U.S. natural gas production and consumption were nearly in balance through 1986. After that, consumption began to outpace production, and imports of natural gas rose to meet U.S. demand for the fuel. Production increased from 2006 through 2011, when it reached the highest recorded annual total since 1973. The increases in production were the result of more efficient, cost-effective drilling techniques, notably in the production of natural gas from shale formations.

Share of 2011 natural gas marketed production:

Texas (29%)
Wyoming (9%)
Federal Offshore Gulf of Mexico (8%)
Louisiana (13%)
Oklahoma (8%)
In 2011, 90% of net imports came by pipeline, primarily from Canada, and 10% came by liquefied natural gas (LNG) tankers carrying gas from five different countries.

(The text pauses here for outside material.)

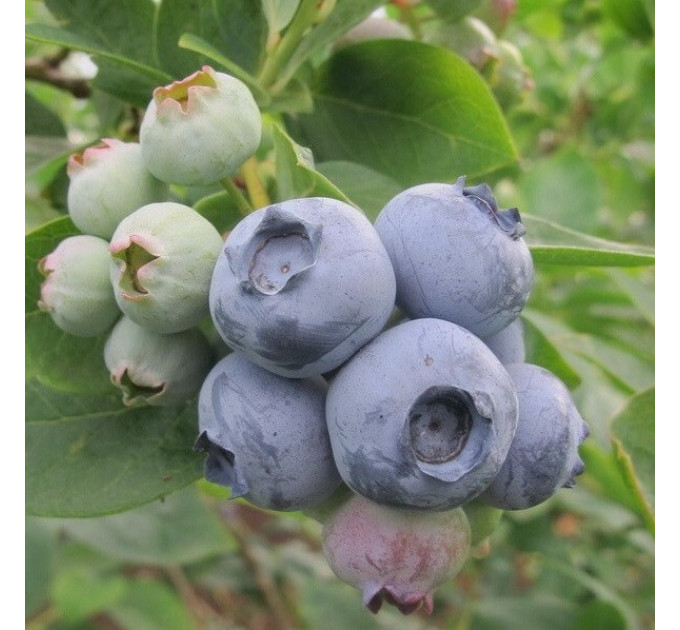 Голубика "Гурон", 4-летняя пакет 7,5 л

What is the Federal Offshore Gulf of Mexico?

Some natural gas and oil wells are drilled into the ocean floor in waters off the coast of the United States. States have jurisdiction over any natural resources within three nautical miles of their coastline, except for Texas and the west coast of Florida where state jurisdiction extends to nine nautical miles. The federal government retains ownership to resources past those limits. There are around 3,400 oil and gas production platforms in federal waters up to roughly 7,500 feet deep and up to 200 miles from shore. Most of them are in the Gulf of Mexico.

What Are Gas Shales?

Shale is a very fine-grained sedimentary rock that is easily broken into thin, parallel layers. Shales can contain a large amount of natural gas, but it's not necessarily mobile. Extensive efforts such as horizontal drilling and creating artificial fractures in the rock are often needed to achieve satisfactory production rates.

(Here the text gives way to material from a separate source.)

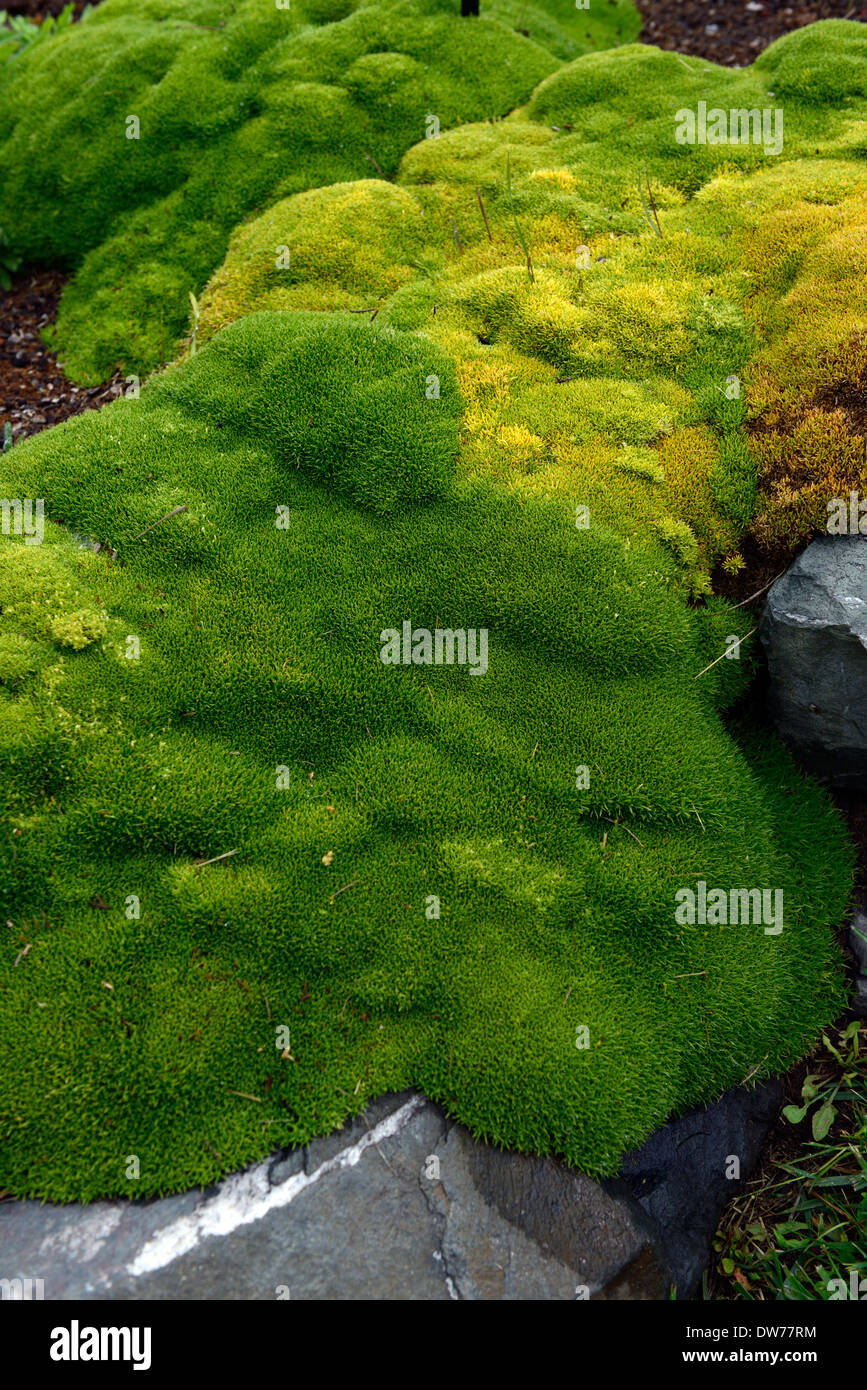 Scleranthus Biflorus Bodendecker Pflanzen Laub Bltter grn Evergreens  Alpenhhen kriechend Kletterpflanzen Bodendecker fr rock Stockfotografie -  Alamy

Gas shale is one of a number of "unconventional" sources of natural gas; other unconventional sources of natural gas include natural gas produced from coalbeds and from "tight" (impermeable) sandstone or chalk formations.

Supplemental Gas Supplies

Supplemental gas supplies include blast furnace gas, refinery gas, propane-air mixtures, and synthetic natural gas (gas made from petroleum hydrocarbons or from coal). These supplemental supplies totaled 61 billion cubic feet (Bcf) in 2011. The largest single source of synthetic gas is the Great Plains Synfuels Plant in Beulah, North Dakota, where coal is converted to pipeline-quality gas.

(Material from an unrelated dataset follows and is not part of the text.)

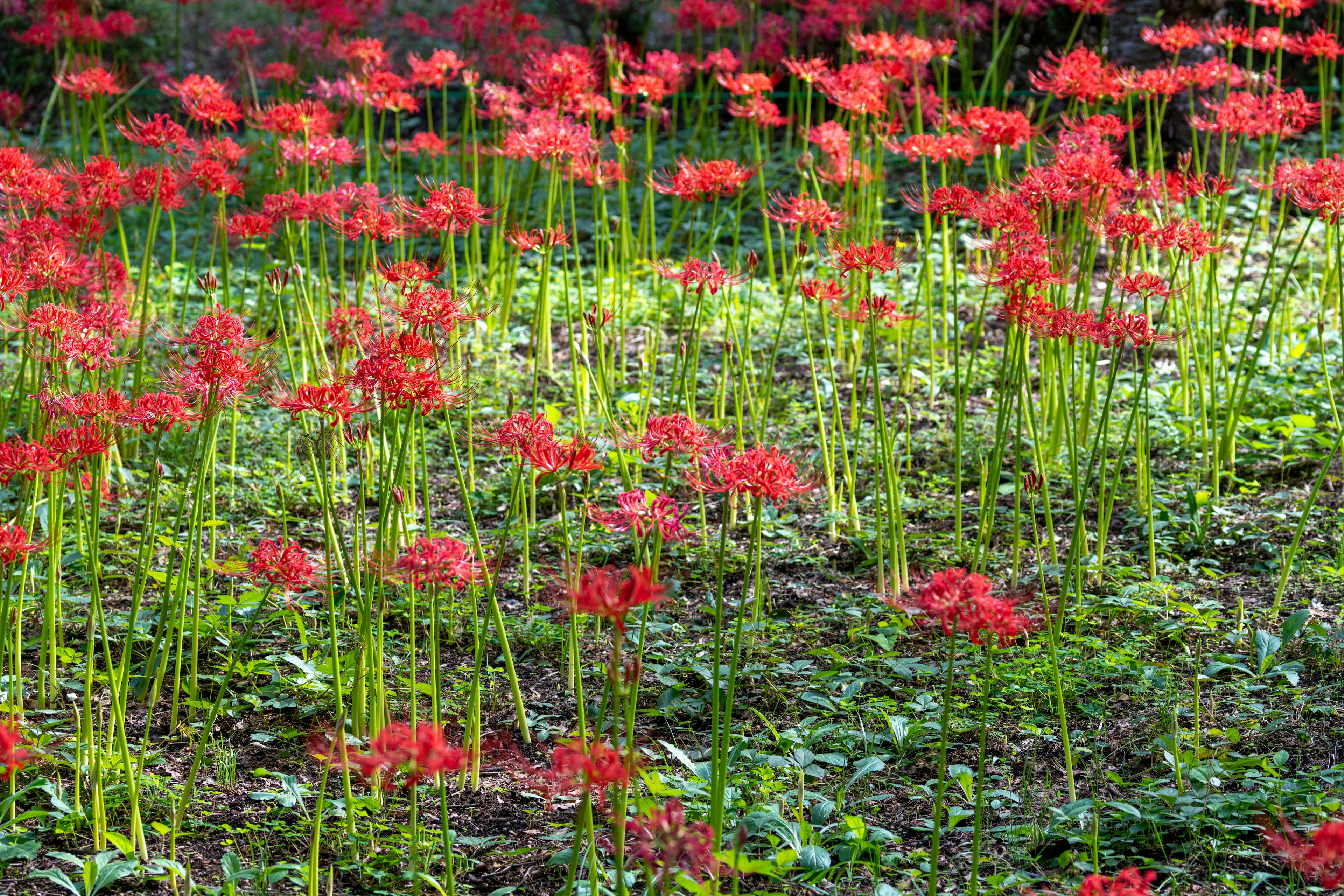 Lapangan bunga lily laba-laba merah cerah yang mekar di rumput hijau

Natural Gas Is Stored Underground

There were about 410 active underground storage fields (salt fields, aquifers, or depleted fields) in the United States during 2010. Natural gas is injected into these fields primarily during April through October and withdrawn primarily from November through March during the peak heating season. As of April 2012, the estimated capacity for peak working gas storage was 4,410 Billion cubic feet.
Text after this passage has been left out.